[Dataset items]
=-=-=-=-=
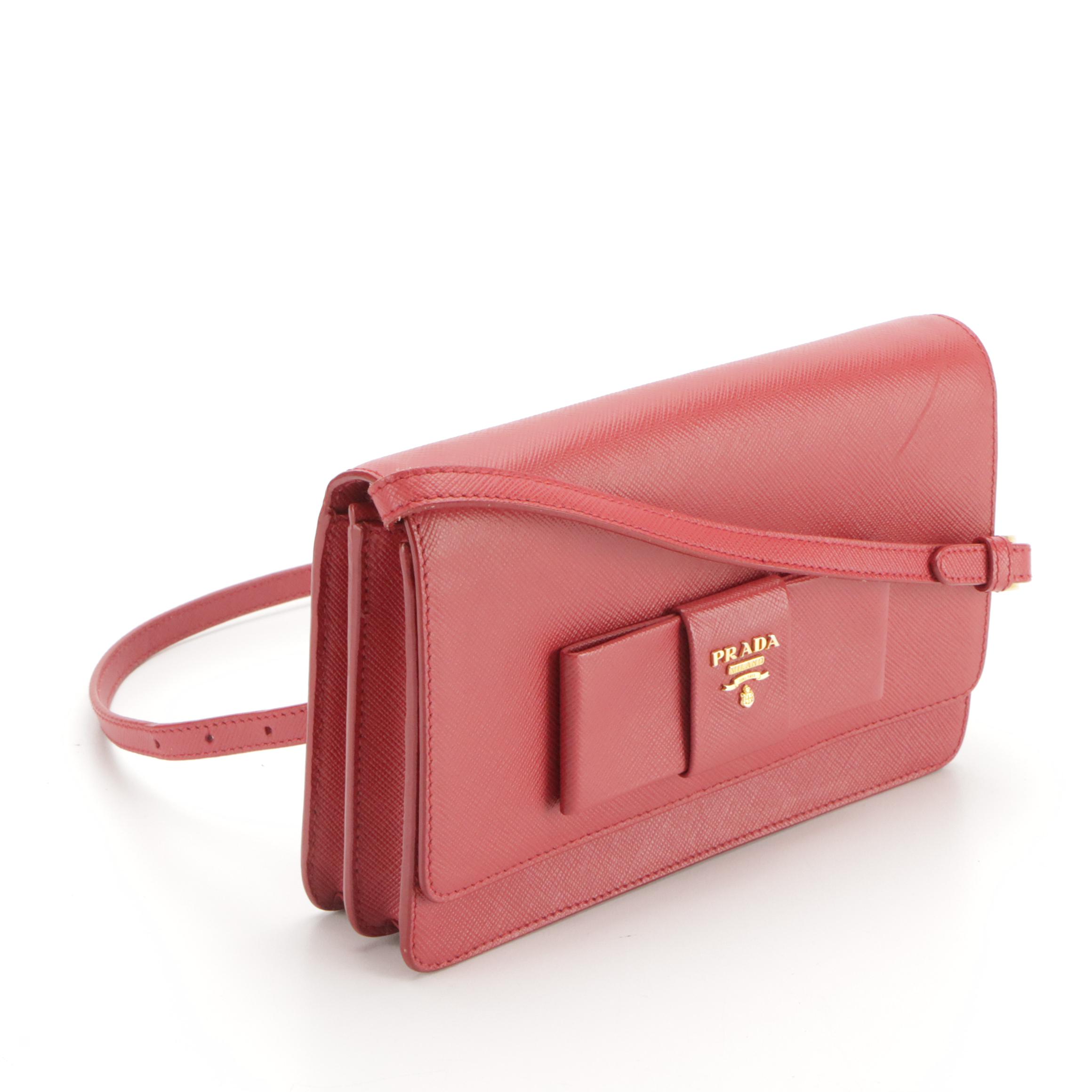 Prada Bow Flap Crossbody Clutch Bag in Rouge Saffiano Leather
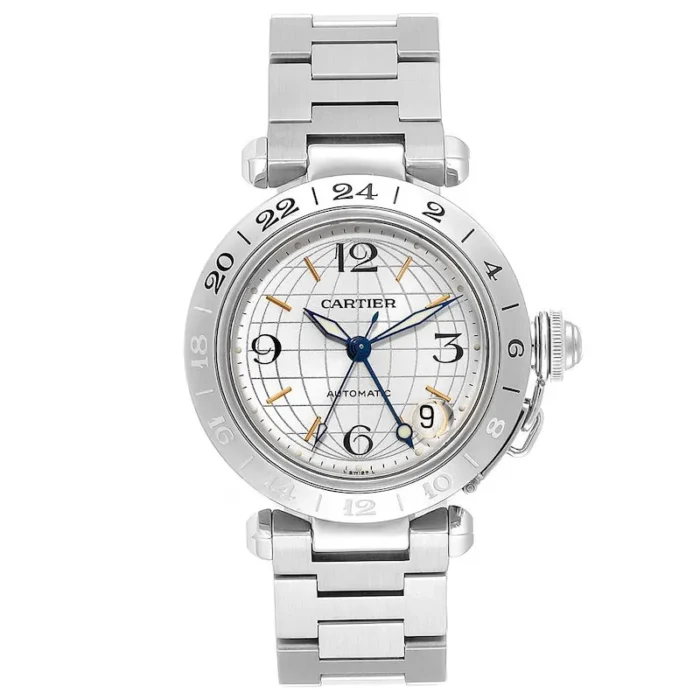 Cartier Pasha GMT Silver / Arabic Numerals Dial on Stainless Steel Bracelet Ref. 2377/W31029M7 - Image 1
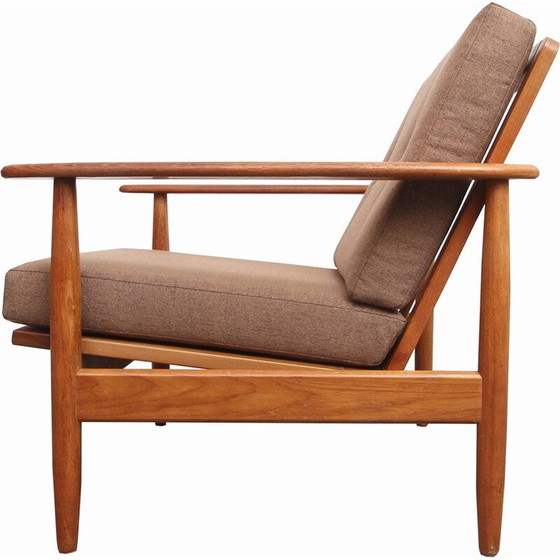 Image 1 of Vintage-Sessel aus Teakholz und Kissen in Braun - 1960er Jahre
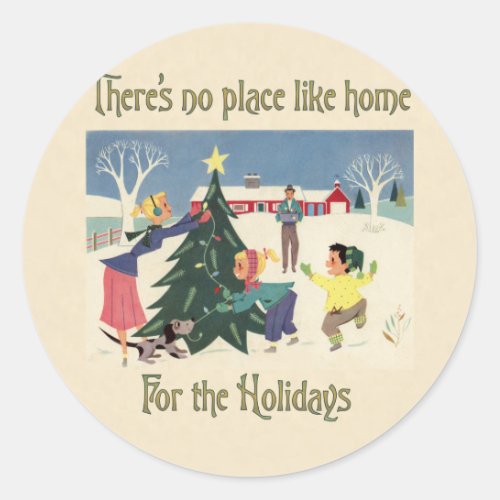 Home for the Holidays Vintage Scene Classic Round Sticker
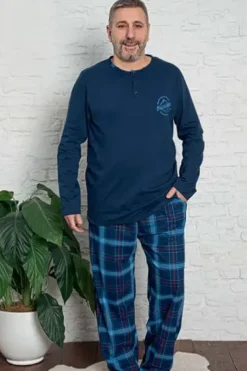 Online Bawełniana piżama męska w kratę PLUS SIZE Plus Size|Piżamy
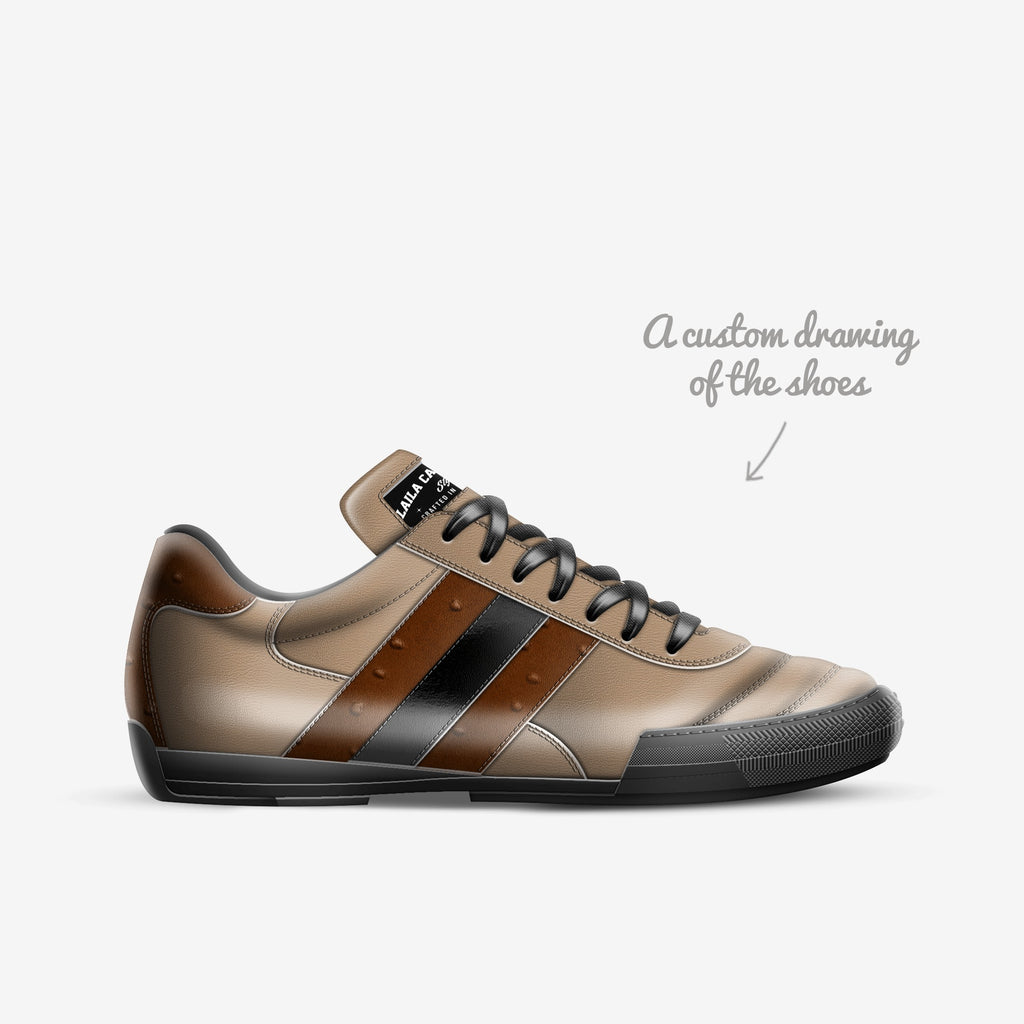 Soccer Style Stripe Nude, Ostrich Brown & Black | Luxury Indoor Soccer Sneakers | Alaila Carroll Style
=-=-=-=-=
● Exercise directions:
Return every record above exactly as written, but drop the pictures.

● Solved exercise:
 Prada Bow Flap Crossbody Clutch Bag in Rouge Saffiano Leather
 Cartier Pasha GMT Silver / Arabic Numerals Dial on Stainless Steel Bracelet Ref. 2377/W31029M7 - Image 1
 Image 1 of Vintage-Sessel aus Teakholz und Kissen in Braun - 1960er Jahre
 Home for the Holidays Vintage Scene Classic Round Sticker
 Online Bawełniana piżama męska w kratę PLUS SIZE Plus Size|Piżamy
 Soccer Style Stripe Nude, Ostrich Brown & Black | Luxury Indoor Soccer Sneakers | Alaila Carroll Style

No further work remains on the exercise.